産総研ら,超高速・高感度ウイルス検出法を開発

産業技術総合研究所(産総研)と埼玉大学は,測定時間1分でインフルエンザウイルスを検出できる超高速ウイルス検出法と,PCR法を超える検出下限100コピー/mLの感度を実現した超高感度ウイルス検出法をそれぞれ開発した(ニュースリリース)。

新型コロナウイルスのスクリーニング検査に広く用いられているイムノクロマトグラフィー法(迅速抗原検査キットで使用)や確定検査のためのPCR法では,“その場検査”に求められる迅速な測定と高い検出感度の両立が課題となっている。

産総研が開発したデジタル検出法は,マイクロメートルサイズの微小穴(ウェル)の配列(アレイ)を用いたもの。ウェル1個あたりの体積は0.5pL(ピコリットル)で,ここにウイルスと検出試薬を閉じ込めることで高いコントラストで光信号を検出する。

また,埼玉大学が開発したAIE試薬は,10秒以内にウイルスと反応して素早く蛍光信号を発生する。デジタル検出法に取り入れることで,超高速ウイルス検出の実現を目指した。インフルエンザウイルスの検出試験では,アレイ中のウェルが発光した。

ウイルス濃度に対する発光ウェルの数から評価した検出下限のウイルス濃度は3×105コピー/mLであり,従来の迅速抗原検査キットの検出下限(106~107コピー/mL,測定時間は15~30分)を超える。測定時間も,検体の前処理や発光観察の時間を合わせて1分以内と,従来の10分の1以下で実施できる。

産総研は同じウェルアレイを用いて,PCR法を超える超高感度ウイルス検出法も開発した。高感度化のため,目的のウイルスだけに結合する微粒子に,磁場による制御が可能な磁気微粒子を用いた。

従来のデジタル検出法では一つのウェルに1個の磁気微粒子を格納するが,産総研は一つのウェルに多数の磁気微粒子を格納する“多粒子格納デジタル検出法”を提案。高濃度の磁気微粒子を用いることで素早く多数のウイルスを捕捉できる。理論計算と捕捉実験により,短時間(数分以内)でウイルス捕捉するためには,従来法より2桁以上高い濃度(1億個/mL以上)の磁気微粒子を用いるのが重要だと明らかになった。

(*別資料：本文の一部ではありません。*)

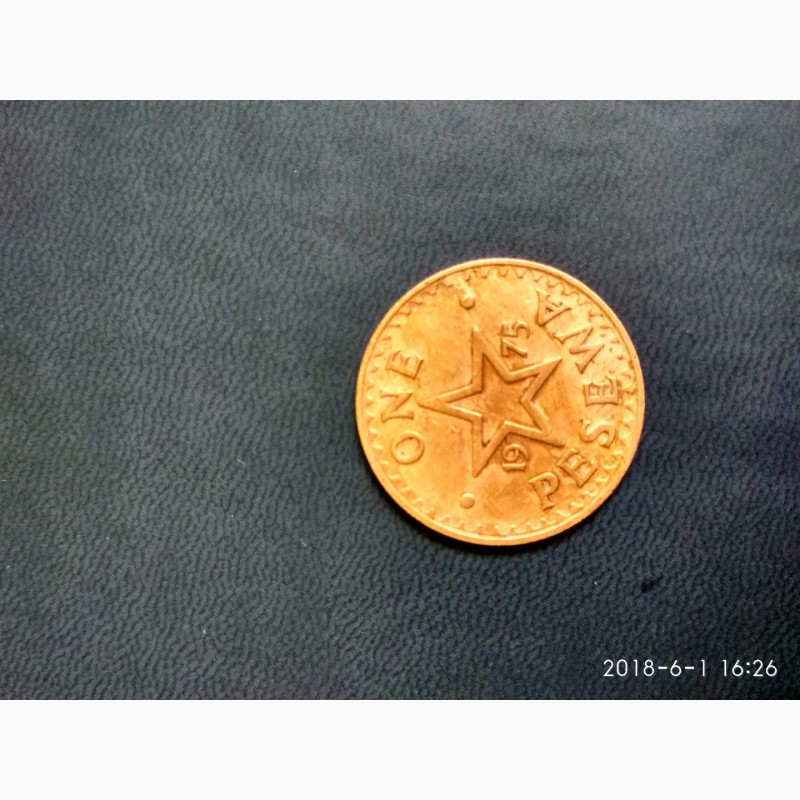 Фото 16. Продам монети Африки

蛍光基質MUNANAを用いてインフルエンザウイルスの検出試験を行なった結果,MUNANAとウイルスとの反応により発光するウェルが観察された。検出下限のウイルス濃度は100コピー/mLで,PCR法(検出下限はおよそ1000コピー/mL)を超える感度を達成した。測定時間は現在約30分を要するが,最適化により2分の1から5分の1程度まで短縮できる見込みだという。

研究グループは今後,新型コロナウイルスやノロウイルスなどを検出する実証を進め,検査装置の実現を目指すとしている。